Tanpa sepatah kata pun, Meng Hao batuk segumpal darah lagi, menggigit rahangnya, dan perlahan berjalan pergi. Kakinya terasa seolah-olah mereka akan hancur setiap saat. Dia basah kuyup karena keringat, dan setiap langkahnya menyebabkan rasa sakit yang menyayat hati. Terlihat seperti anjing yang telah dicambuk, dia perlahan menghilang ke kejauhan.
Saat dia berjalan, Sesepuh Ouyang sepertinya hendak mengatakan sesuatu, tetapi memutuskan untuk tidak, dan hanya melihatnya pergi.
Meng Hao kembali ke Gua Dewa, dan begitu pintu utama tertutup, dia jatuh ke lantai, tidak sadarkan diri. Wang Tengfei sudah berada di puncak tingkat keenam. Tidak ada cara bagi Meng Hao untuk membandingkannya. Dengan menolak untuk menyerah dan berlutut, dia tentu saja menerima luka yang dalam.
Dia koma selama dua hari penuh, setelah itu dia akhirnya membuka matanya, tubuhnya berdegup kesakitan. Sulit untuk bergerak, tetapi dia melompat ke posisi duduk. Ketika dia menyentuh tanah dengan tangannya, mereka terasa panas menyakitkan, seolah-olah kulitnya telah terlepas. Sambil terengah-engah, dia duduk di sana dengan tenang di tengah-tengah Gua Dewa.

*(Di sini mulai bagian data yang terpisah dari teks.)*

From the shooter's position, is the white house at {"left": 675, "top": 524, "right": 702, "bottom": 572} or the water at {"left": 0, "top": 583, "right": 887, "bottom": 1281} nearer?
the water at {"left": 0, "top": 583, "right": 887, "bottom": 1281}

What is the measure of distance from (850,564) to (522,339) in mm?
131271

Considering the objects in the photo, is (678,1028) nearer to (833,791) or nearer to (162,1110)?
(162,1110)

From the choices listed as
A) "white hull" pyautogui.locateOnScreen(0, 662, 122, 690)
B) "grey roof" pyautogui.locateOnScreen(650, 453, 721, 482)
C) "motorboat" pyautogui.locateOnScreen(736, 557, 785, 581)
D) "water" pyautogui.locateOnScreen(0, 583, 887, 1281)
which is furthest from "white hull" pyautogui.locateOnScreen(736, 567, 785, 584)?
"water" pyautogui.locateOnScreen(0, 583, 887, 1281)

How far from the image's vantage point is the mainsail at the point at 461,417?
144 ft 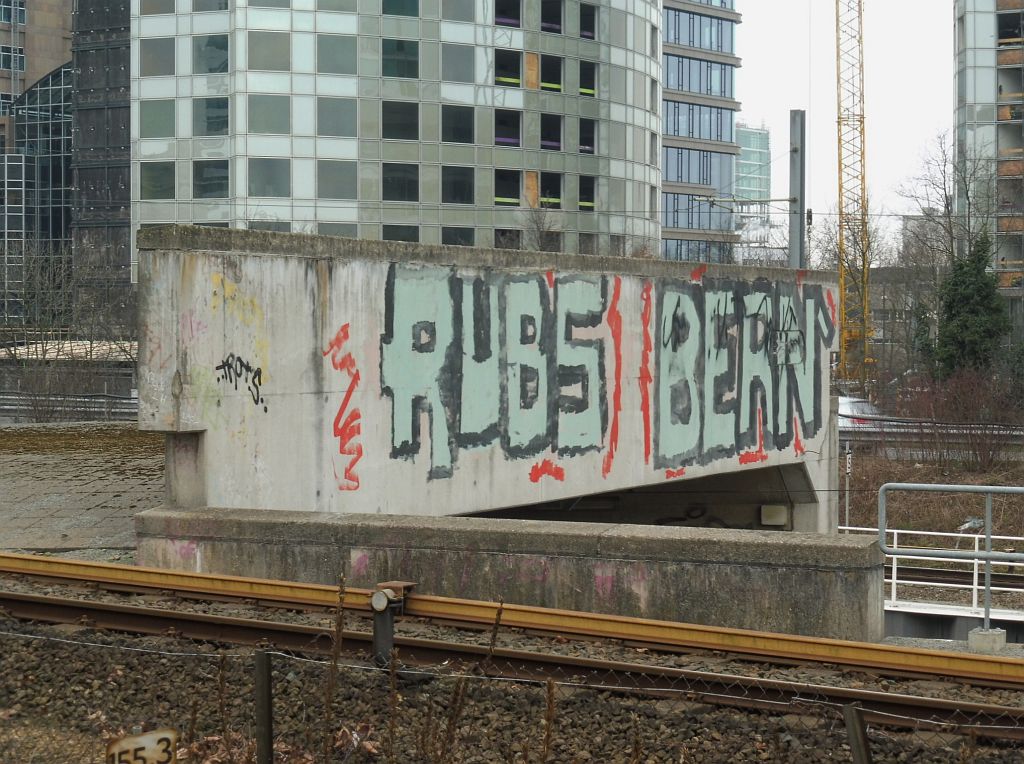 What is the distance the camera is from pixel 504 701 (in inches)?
280

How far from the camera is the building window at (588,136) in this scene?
186 ft

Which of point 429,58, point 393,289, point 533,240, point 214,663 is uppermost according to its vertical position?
point 429,58

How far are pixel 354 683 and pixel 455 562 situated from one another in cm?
256

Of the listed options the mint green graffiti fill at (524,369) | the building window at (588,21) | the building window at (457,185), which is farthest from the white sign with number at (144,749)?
the building window at (588,21)

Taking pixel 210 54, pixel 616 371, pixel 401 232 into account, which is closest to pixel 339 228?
pixel 401 232

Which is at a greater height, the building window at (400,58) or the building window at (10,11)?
the building window at (10,11)

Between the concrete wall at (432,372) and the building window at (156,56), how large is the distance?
125ft

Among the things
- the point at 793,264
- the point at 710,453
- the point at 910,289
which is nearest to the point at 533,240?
the point at 910,289

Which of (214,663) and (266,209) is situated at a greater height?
(266,209)

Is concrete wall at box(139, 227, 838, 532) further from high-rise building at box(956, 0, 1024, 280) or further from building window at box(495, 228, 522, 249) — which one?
high-rise building at box(956, 0, 1024, 280)

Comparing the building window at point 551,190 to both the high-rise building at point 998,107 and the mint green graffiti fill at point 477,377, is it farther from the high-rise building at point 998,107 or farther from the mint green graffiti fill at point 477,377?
the mint green graffiti fill at point 477,377

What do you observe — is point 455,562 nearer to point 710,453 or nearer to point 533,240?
point 710,453

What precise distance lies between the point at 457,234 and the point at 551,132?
249 inches

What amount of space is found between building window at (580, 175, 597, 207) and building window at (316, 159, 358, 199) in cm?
1070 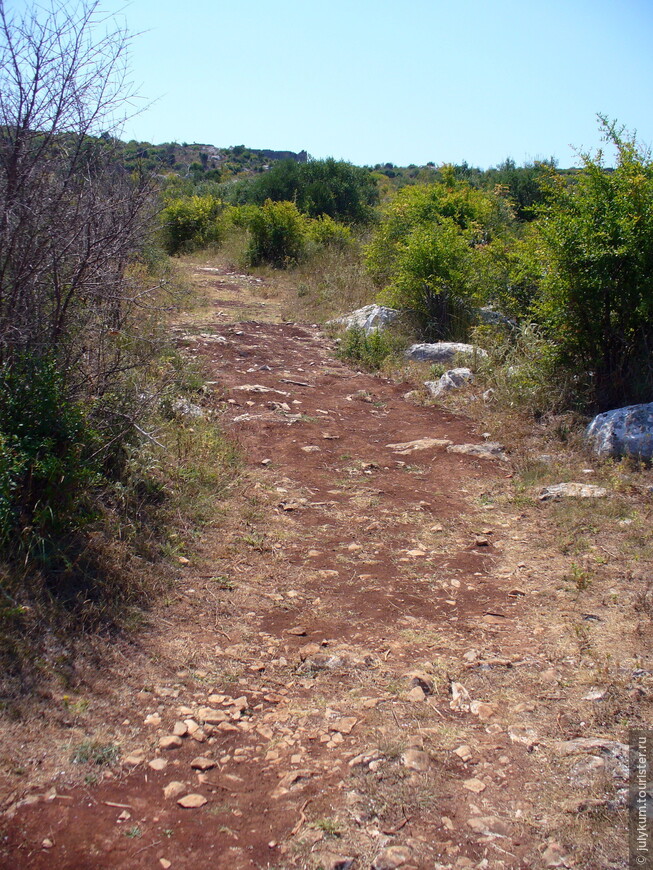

Setelah beberapa waktu berlalu, dia menatap tangannya. Sepuluh kukunya yang patah menyembul dari kulit telapak tangannya. Setelah dua hari koma, kerak bekas luka telah terbentuk di atas kukunya, tetapi dalam perjuangannya untuk duduk, mereka patah, dan sekarang darah mengucur keluar.
Meng Hao melihat tangannya, tanpa ekspresi. Setelah beberapa saat, dia mulai menggali kuku yang patah dari kulitnya, satu per satu. Darah mengalir keluar dari telapak tangannya yang hancur, menetes ke tanah dan mengisi gua dengan bau darah kental.
Melalui seluruh proses, ekspresi wajah Meng Hao tidak berubah. Seolah-olah tangan itu bukan miliknya. Ada kekejaman tertentu di dalam dirinya yang sekarang terlihat jelas.
Dia melihat ke sepuluh kuku yang berdarah. Setelah beberapa saat, dia mengumpulkan mereka bersama dan meletakkannya di samping tempat tidur batu di kamarnya. Dia berencana untuk melihatnya setiap hari sebagai pengingat penghinaan yang telah dia alami.
Harinya akan tiba ketika penghinaan itu akan dibayar kembali dua kali lipat!
Dia sudah lama tidak berbicara, tetapi sekarang dia membuka mulutnya: "Untuk diriku sendiri, aku akan bergantung pada diriku sendiri!" Suara serak hampir tidak terdengar seperti suaranya sendiri.